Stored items
------------------------------------------------------------
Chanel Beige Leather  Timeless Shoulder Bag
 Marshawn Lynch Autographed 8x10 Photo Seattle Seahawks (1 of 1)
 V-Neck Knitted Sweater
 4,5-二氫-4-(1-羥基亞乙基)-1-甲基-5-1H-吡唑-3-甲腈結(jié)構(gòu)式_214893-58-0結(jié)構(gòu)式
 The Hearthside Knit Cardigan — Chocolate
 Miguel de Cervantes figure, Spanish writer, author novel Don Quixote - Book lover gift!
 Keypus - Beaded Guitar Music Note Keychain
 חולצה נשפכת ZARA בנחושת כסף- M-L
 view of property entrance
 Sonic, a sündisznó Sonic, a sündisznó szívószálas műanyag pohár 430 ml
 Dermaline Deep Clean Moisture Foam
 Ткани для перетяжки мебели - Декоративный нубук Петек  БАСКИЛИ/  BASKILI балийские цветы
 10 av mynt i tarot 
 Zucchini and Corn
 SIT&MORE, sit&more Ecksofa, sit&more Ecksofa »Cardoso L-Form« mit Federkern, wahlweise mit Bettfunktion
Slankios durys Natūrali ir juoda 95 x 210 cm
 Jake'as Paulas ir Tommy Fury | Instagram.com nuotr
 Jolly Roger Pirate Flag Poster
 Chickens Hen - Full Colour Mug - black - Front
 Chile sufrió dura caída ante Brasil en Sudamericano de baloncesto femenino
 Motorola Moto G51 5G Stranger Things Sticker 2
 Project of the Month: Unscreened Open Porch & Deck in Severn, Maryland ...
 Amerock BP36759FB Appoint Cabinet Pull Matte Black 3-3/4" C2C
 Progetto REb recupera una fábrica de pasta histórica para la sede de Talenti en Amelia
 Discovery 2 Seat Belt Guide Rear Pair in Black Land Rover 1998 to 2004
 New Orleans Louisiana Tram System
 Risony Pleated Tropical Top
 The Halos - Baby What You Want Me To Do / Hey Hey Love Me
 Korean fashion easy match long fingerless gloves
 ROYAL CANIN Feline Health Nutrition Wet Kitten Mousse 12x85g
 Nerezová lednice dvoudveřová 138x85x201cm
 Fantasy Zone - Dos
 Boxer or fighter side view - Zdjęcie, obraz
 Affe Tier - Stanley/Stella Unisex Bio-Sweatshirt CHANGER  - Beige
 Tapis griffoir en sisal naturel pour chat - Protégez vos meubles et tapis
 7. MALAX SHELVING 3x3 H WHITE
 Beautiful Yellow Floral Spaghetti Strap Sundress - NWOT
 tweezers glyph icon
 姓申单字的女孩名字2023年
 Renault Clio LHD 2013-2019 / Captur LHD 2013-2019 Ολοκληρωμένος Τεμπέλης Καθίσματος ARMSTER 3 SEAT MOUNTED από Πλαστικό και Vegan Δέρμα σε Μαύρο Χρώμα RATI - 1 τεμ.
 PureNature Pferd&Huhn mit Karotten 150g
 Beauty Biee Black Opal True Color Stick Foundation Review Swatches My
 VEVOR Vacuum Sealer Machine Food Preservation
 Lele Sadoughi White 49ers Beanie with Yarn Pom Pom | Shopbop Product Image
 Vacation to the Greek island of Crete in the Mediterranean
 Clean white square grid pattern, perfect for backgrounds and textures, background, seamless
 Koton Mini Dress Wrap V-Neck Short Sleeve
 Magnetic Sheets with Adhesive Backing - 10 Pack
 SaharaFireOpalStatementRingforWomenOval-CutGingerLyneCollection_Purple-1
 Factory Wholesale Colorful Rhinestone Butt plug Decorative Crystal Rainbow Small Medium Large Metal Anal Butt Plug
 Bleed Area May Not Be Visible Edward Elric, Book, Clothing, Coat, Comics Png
------------------------------------------------------------
_Your task:_ After locating the line with "The Halos - Baby", output that line and every later one exactly, through the end of the entries above.

_Finished task:_
 The Halos - Baby What You Want Me To Do / Hey Hey Love Me
 Korean fashion easy match long fingerless gloves
 ROYAL CANIN Feline Health Nutrition Wet Kitten Mousse 12x85g
 Nerezová lednice dvoudveřová 138x85x201cm
 Fantasy Zone - Dos
 Boxer or fighter side view - Zdjęcie, obraz
 Affe Tier - Stanley/Stella Unisex Bio-Sweatshirt CHANGER  - Beige
 Tapis griffoir en sisal naturel pour chat - Protégez vos meubles et tapis
 7. MALAX SHELVING 3x3 H WHITE
 Beautiful Yellow Floral Spaghetti Strap Sundress - NWOT
 tweezers glyph icon
 姓申单字的女孩名字2023年
 Renault Clio LHD 2013-2019 / Captur LHD 2013-2019 Ολοκληρωμένος Τεμπέλης Καθίσματος ARMSTER 3 SEAT MOUNTED από Πλαστικό και Vegan Δέρμα σε Μαύρο Χρώμα RATI - 1 τεμ.
 PureNature Pferd&Huhn mit Karotten 150g
 Beauty Biee Black Opal True Color Stick Foundation Review Swatches My
 VEVOR Vacuum Sealer Machine Food Preservation
 Lele Sadoughi White 49ers Beanie with Yarn Pom Pom | Shopbop Product Image
 Vacation to the Greek island of Crete in the Mediterranean
 Clean white square grid pattern, perfect for backgrounds and textures, background, seamless
 Koton Mini Dress Wrap V-Neck Short Sleeve
 Magnetic Sheets with Adhesive Backing - 10 Pack
 SaharaFireOpalStatementRingforWomenOval-CutGingerLyneCollection_Purple-1
 Factory Wholesale Colorful Rhinestone Butt plug Decorative Crystal Rainbow Small Medium Large Metal Anal Butt Plug
 Bleed Area May Not Be Visible Edward Elric, Book, Clothing, Coat, Comics Png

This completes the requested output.